Supporters cheer for Sanders on Super Tuesday. (Jacquelyn Martin / AP)

At least one pundit on the left had the decency, fortitude and intellectual honesty not to smother the dreams of millions of Americans—many of them young and/or struggling under a mountain of debt—by declaring Hillary Clinton the inevitable winner of the Democratic nomination after her victories on Super Tuesday.

The morning after the results rolled in, The Guardian’s Richard Wolffe dismissively caricatured Sanders’ handling of his Super Tuesday performance before huffing that it “may be premature to expect Sanders to concede to reality.” At Mother Jones, Tim Murphy ended an article headlined “Bernie Sanders Is in a Whole Lot of Trouble” by declaring that “the math” in the contests ahead “is looking pretty grim.”

Progressives in search of reasons for what the early 20th century Italian thinker Antonio Gramsci called “optimism of the will” were left to stumble upon a measured review of the larger context of the night’s events by In These Times editor and publisher Joel Bleifuss.

“Judging from Super Tuesday’s results, Sen.
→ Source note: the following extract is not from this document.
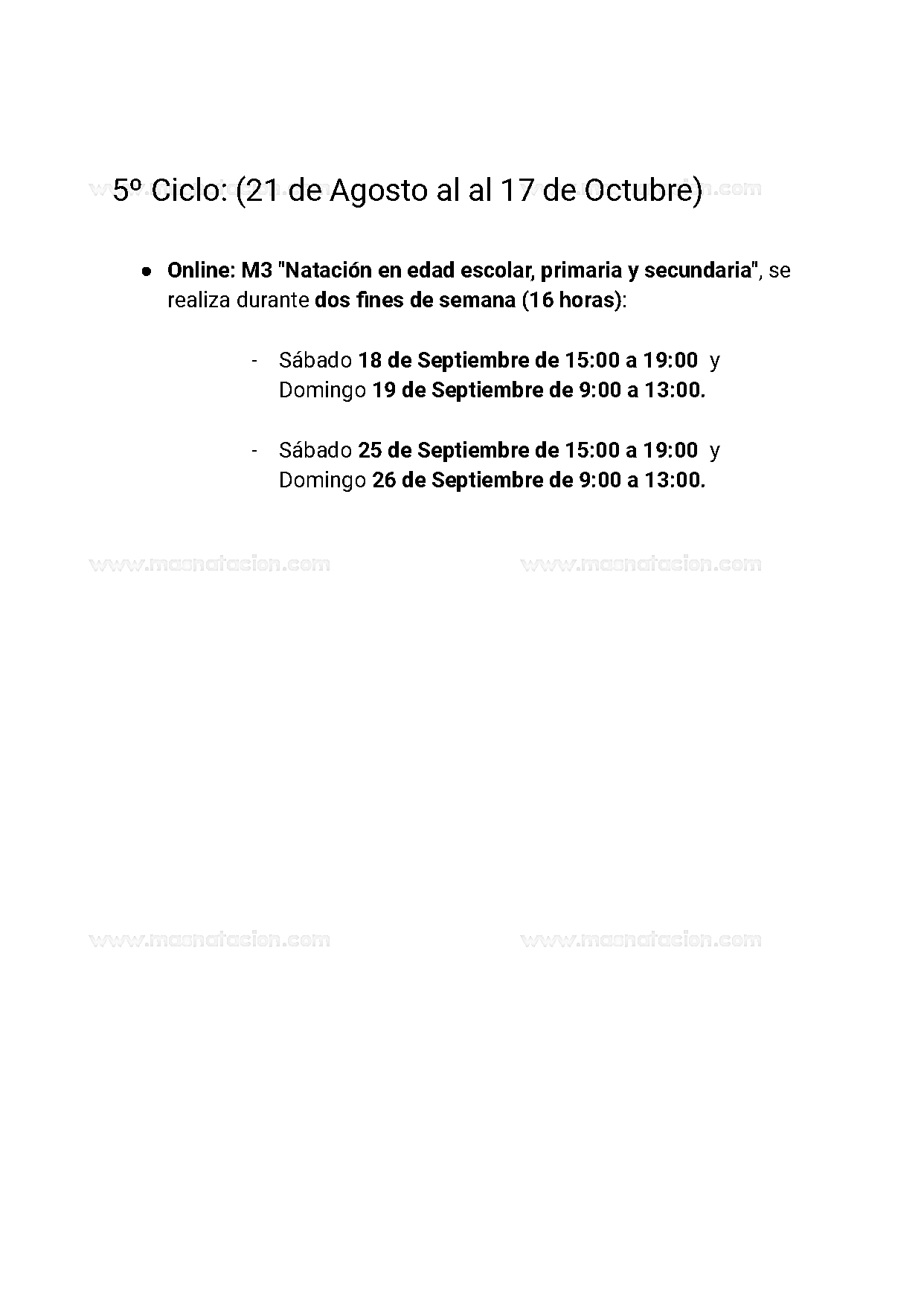 Módulo 3 Natación En Edad Escolar, Primaria y Secundaria (iniciación al Entrenamiento) 2021 - Página 5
Bernie Sanders has a long row to hoe if he is going to overtake Hillary Clinton and become the Democratic nominee,” Bleifuss began. “By and large, the margins of her victories were larger than the margins of his. And as In These Times Deputy Publisher Christopher Hass reported last week, it is in the size of these margins that the Democratic standard bearer will be determined.

“But the race for the Democratic nomination is not only a contest between Hillary Clinton and Bernie Sanders. It is also the venue for competing ideas about how social change is made, in which two visions for the future have been offered.”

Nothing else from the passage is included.